=== Section Start ===
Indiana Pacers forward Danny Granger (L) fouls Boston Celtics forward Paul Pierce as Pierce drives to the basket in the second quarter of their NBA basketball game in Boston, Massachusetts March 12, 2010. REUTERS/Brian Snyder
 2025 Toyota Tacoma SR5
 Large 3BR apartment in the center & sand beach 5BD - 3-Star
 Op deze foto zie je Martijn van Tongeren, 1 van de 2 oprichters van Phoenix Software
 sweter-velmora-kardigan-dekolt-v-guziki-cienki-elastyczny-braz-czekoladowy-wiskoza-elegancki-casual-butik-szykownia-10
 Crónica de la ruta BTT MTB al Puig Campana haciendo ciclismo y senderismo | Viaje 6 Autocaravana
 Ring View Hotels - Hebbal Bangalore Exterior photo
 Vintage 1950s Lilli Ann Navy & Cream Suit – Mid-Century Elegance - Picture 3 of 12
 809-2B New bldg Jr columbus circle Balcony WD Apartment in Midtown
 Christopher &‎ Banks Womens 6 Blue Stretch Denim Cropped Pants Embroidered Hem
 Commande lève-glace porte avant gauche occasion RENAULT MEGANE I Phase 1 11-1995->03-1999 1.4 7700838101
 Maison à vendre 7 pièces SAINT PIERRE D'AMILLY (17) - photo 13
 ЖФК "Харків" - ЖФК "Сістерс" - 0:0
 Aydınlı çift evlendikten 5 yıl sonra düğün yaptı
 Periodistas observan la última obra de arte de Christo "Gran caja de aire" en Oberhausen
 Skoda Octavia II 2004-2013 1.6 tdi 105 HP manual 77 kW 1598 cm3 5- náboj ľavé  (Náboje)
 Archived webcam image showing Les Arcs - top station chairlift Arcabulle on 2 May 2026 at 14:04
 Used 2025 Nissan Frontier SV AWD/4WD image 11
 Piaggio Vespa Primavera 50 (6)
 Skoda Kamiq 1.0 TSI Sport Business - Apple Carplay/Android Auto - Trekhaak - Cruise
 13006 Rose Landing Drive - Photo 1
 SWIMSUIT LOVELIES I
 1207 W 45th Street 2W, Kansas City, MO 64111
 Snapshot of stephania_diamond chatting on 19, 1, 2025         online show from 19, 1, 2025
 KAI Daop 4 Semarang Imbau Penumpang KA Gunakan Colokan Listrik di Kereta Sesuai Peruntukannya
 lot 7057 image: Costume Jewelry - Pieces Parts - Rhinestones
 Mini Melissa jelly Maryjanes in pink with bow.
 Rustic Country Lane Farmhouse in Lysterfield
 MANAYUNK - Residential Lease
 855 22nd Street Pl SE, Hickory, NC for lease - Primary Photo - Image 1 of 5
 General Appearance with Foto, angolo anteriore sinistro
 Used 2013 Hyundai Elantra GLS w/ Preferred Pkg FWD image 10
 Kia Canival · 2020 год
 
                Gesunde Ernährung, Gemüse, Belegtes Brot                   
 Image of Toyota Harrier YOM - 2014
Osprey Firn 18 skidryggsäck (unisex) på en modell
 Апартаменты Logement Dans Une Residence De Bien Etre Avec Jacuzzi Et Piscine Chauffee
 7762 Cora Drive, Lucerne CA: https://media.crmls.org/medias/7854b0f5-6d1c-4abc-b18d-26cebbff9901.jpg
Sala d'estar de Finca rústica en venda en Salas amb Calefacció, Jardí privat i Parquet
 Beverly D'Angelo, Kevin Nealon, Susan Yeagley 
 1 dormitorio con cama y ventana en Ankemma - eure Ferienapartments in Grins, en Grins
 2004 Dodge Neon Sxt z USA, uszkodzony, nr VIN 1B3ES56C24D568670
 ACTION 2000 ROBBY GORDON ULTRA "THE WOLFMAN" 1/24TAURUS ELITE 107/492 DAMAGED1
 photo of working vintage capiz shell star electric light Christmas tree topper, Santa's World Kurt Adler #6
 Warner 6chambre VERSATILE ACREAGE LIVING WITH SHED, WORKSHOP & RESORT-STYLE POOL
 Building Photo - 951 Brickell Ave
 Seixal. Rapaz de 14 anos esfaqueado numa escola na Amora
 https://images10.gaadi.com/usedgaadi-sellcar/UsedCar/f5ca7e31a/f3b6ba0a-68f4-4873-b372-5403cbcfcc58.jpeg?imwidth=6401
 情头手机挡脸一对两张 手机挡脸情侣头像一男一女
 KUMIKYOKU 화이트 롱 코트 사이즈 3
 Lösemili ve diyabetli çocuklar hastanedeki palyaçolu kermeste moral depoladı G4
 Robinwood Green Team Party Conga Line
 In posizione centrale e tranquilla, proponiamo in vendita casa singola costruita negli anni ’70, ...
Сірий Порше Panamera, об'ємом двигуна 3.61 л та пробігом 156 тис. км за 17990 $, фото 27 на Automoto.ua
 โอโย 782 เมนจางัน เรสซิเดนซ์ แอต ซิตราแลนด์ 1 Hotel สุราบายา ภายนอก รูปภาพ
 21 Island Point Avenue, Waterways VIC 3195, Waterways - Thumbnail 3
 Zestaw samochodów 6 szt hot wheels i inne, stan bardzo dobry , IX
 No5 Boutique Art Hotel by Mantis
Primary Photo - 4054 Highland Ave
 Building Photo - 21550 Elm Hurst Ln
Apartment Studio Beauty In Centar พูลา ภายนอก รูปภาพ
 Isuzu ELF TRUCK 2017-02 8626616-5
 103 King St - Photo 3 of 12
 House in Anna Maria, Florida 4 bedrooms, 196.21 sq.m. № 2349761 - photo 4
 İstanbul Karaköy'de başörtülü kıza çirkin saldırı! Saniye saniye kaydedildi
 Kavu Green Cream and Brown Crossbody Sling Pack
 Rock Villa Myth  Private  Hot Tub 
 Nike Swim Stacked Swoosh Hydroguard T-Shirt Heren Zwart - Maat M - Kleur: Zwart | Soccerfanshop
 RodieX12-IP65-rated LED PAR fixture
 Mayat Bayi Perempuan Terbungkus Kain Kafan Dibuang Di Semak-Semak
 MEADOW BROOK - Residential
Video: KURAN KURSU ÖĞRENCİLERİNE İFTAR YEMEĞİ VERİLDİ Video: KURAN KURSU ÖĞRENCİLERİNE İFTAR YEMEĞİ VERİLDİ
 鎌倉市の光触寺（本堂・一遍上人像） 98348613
=== Section End ===
### Your assignment
Within the listing above, copy each line that has the string "ปภาพ".

### Answer to this task
 โอโย 782 เมนจางัน เรสซิเดนซ์ แอต ซิตราแลนด์ 1 Hotel สุราบายา ภายนอก รูปภาพ
Apartment Studio Beauty In Centar พูลา ภายนอก รูปภาพ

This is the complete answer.